Lo scopo quindi è duplice: controllare la possibile deriva liberale del cyberspazio, impostandolo in modo “sostenibile” secondo la dottrina del Pcc (Partito Comunista Cinese) e usare i dati per obiettivi strategici in modo da far diventare la Cina una superpotenza tecnologica guidata dal Politburo.
In questa trattazione non intendiamo affrontare gli aspetti etici oppure quelli più strettamente tecnici dell’utilizzo dell’I.A in quanto già esposti in precedenza: riassumendo, questo provvedimento potrebbe essere funzionale anche al miglioramento del funzionamento degli algoritmi, che sono ancora soggetti a pregiudizi di tipo “umano”, e a circoscrivere la responsabilità del loro utilizzo, che ancora oggi non è stata definita in sede giuridica.
Vogliamo invece soffermarci sulle possibili implicazioni legate al confronto tra Cina e Stati Uniti, che porta con sé conseguenze anche per l’Europa. Per farlo partiamo da un assunto espresso nel 2018 dall’allora segretario alla Difesa Usa, il generale James “mad dog” Mattis: “Per decenni gli Stati Uniti hanno goduto di una superiorità incontrastata o dominante in ogni ambito operativo. In genere potevamo schierare le nostre forze quando volevamo, assemblarle dove volevamo e operare come volevamo. Oggi ogni dominio è conteso: aria, terra, mare, spazio e cyberspazio”.

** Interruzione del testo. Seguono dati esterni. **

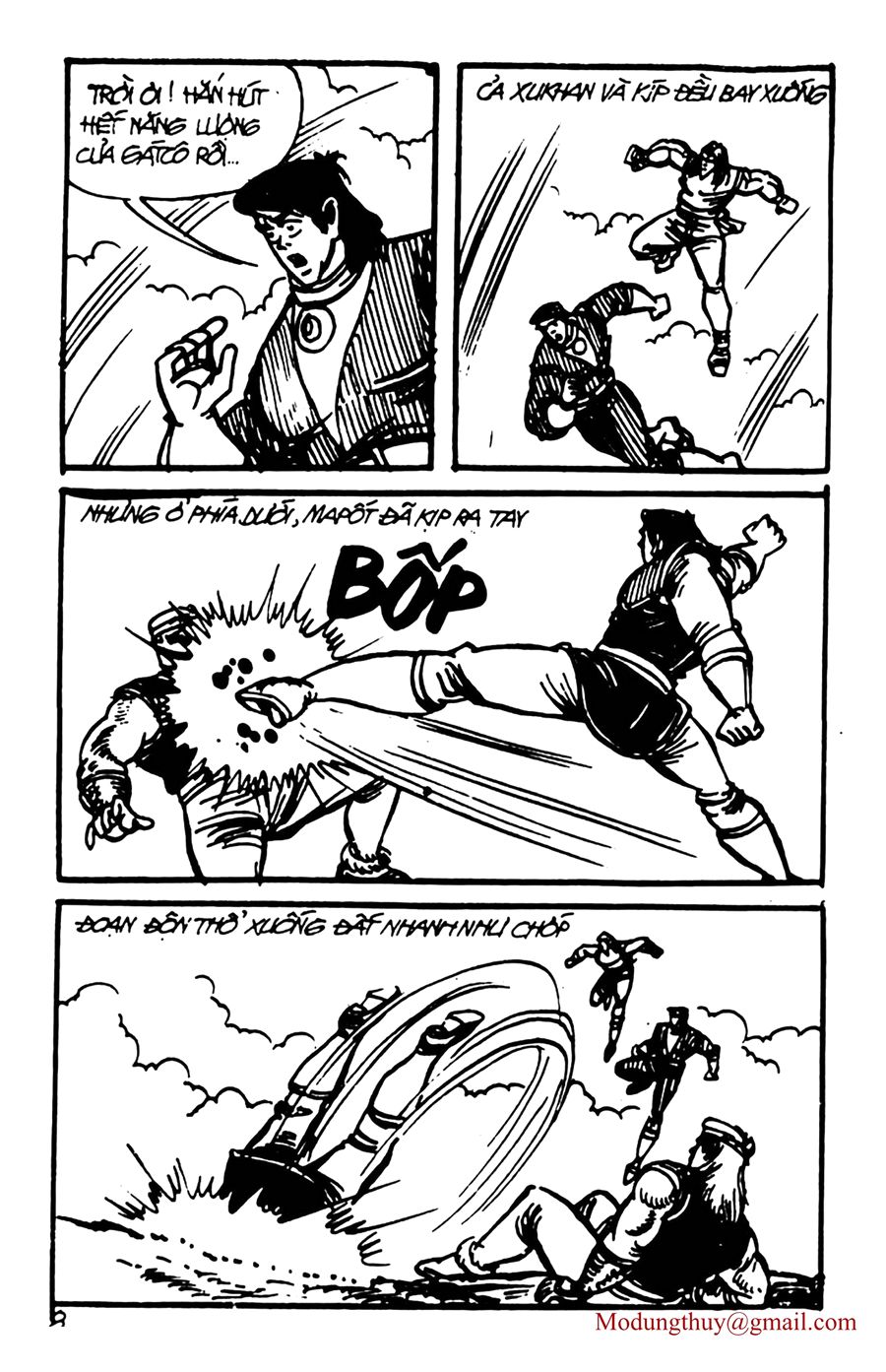 HE'S MAN: Chapter 130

Una tesi ribadita recentemente anche da un profondo studioso statunitense dei rapporti sino-americani, il professor Graham Allison, che in una recente intervista ha affermato, parlando proprio di Intelligenza Artificiale, che “nello spazio dell’I.A. se disponi di un sistema di Intelligenza Artificiale più efficace in grado di far sì che un pezzo di equipaggiamento militare, ad esempio in un combattimento aria-aria, risponda più rapidamente del pilota dell’aereo avversario, vinci, quindi questi avere applicazioni militari”.
L’allarme era stato già lanciato esattamente un anno fa da Nicolas Chaillan, il primo chief software officer del Pentagono che si era dimesso per protestare contro il lento ritmo della trasformazione tecnologica nell’esercito degli Stati Uniti. Sebbene gli allarmi siano tendenzialmente esagerati, stante i progressi dimostrati e dimostrabili compiuti dagli Usa in questo campo, l’Occidente parte in svantaggio sia per la mancanza di un chiaro ed elastico aspetto normativo, sia per la stessa impostazione della società, molto più attenta all’aspetto “umano” rispetto a quella cinese quando si tratta delle applicazioni pragmatiche dell’I.A. nel settore militare.

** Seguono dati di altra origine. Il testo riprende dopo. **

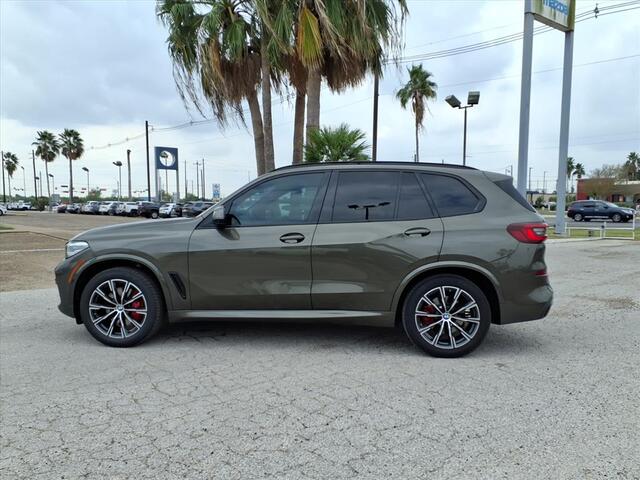 2023 BMW X5 sDrive40i McAllen TX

Pechino – così come Mosca – a differenza dell’Occidente sta optando per una gestione dell’Intelligenza Artificiale nei sistemi bellici secondo il principio Human-out-of-the-loop, ovvero che affida agli algoritmi la totale gestione della macchina. Analisti e scienziati cinesi, infatti, ritengono che si arriverà a una “singolarità” sul campo di battaglia quando l’uomo non sarà più in grado di tenere il passo con la velocità operativa delle macchine, per cui il principio Human-in-the-loop diventerà uno svantaggio.
Il provvedimento recentemente entrato in vigore in Cina, quindi, potenzialmente avrà effetti dirompenti nel settore dell’I.A. applicata alla Difesa, permettendo di captare i codici sorgenti di tutte le società che operano in Cina e così poterli eventualmente sviluppare ed applicare nel campo degli armamenti. La subordinazione del settore “privato”, ammesso che si possa definire tale in un Paese come la Cina, a quello pubblico diventa pertanto un vantaggio fondamentale se consideriamo la riluttanza di alcune delle maggiori aziende occidentali – come Google – a collaborare con lo Stato quando si tratta di ricerca ad alta tecnologia nel settore informatico. Una riluttanza determinata dalla mancanza di un ordinamento giuridico dedicato, che ancora oggi fatica a essere definito sia negli Stati Uniti sia in Europa.